**Information supplied:**
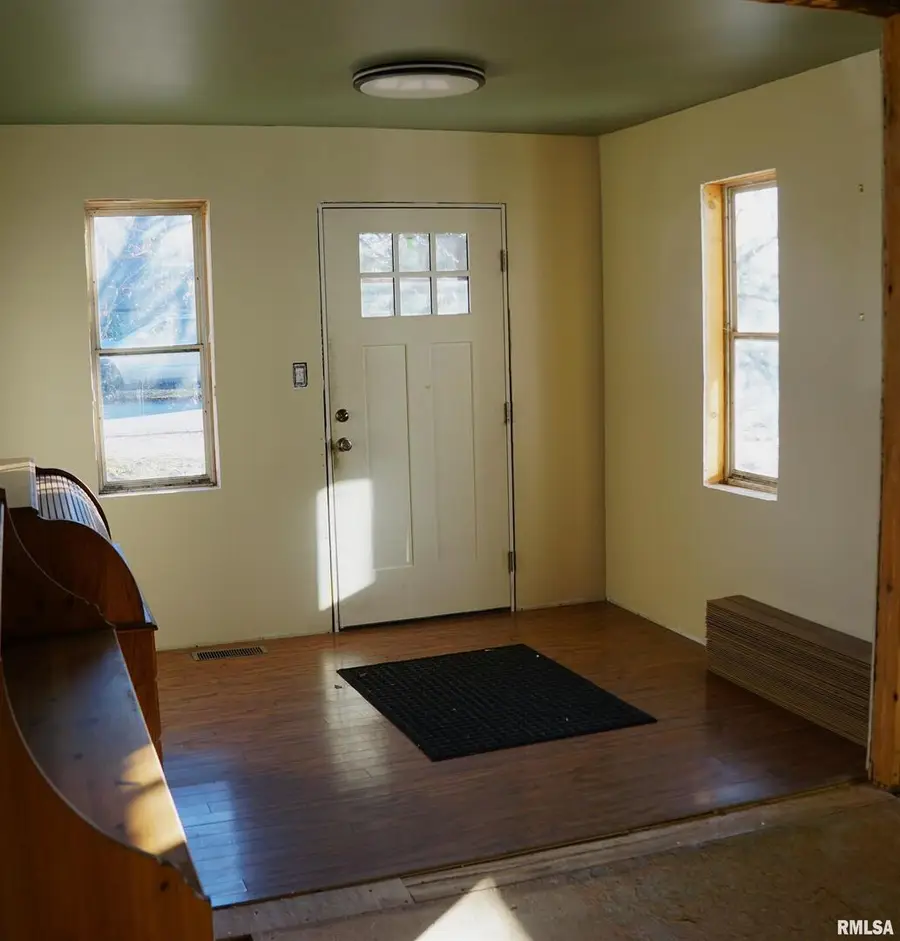 811 Birch Street, Kewanee, IL 61443 - Image #2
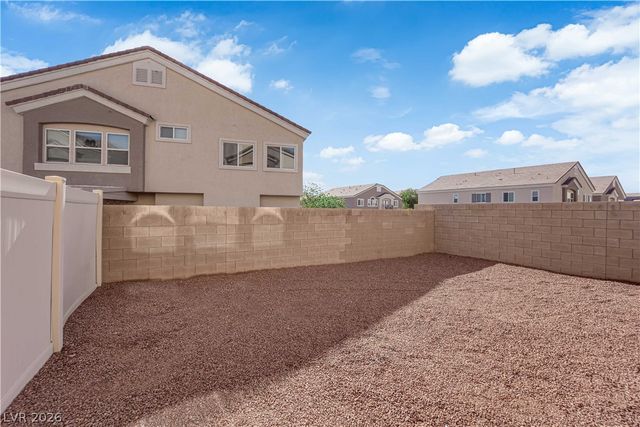 6489 Burns Allen Avenue 102, Las Vegas, NV 89122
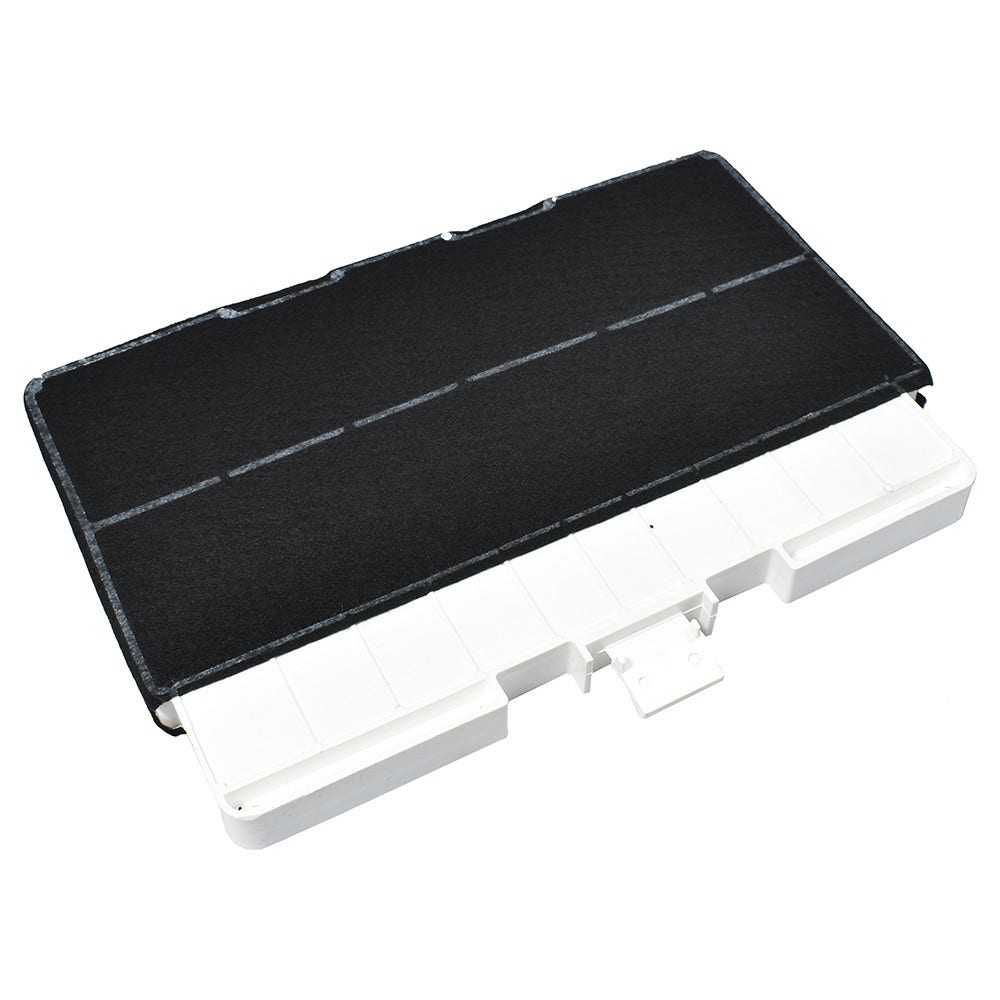 Aktivkohlefilter geeignet für Bosch 705433 / DHZ5356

**Exercise brief:**
Print the material above exactly, skipping its images.

**Task answer:**
 811 Birch Street, Kewanee, IL 61443 - Image #2
 6489 Burns Allen Avenue 102, Las Vegas, NV 89122
 Aktivkohlefilter geeignet für Bosch 705433 / DHZ5356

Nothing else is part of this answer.